**YOUR TASK**
Reproduce the data in full, exactly.

**DATA SHOWN**
_ _ _ _

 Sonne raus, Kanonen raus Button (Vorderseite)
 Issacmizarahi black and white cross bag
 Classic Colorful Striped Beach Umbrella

_ _ _ _

**RESPONSE BOX**
 Sonne raus, Kanonen raus Button (Vorderseite)
 Issacmizarahi black and white cross bag
 Classic Colorful Striped Beach Umbrella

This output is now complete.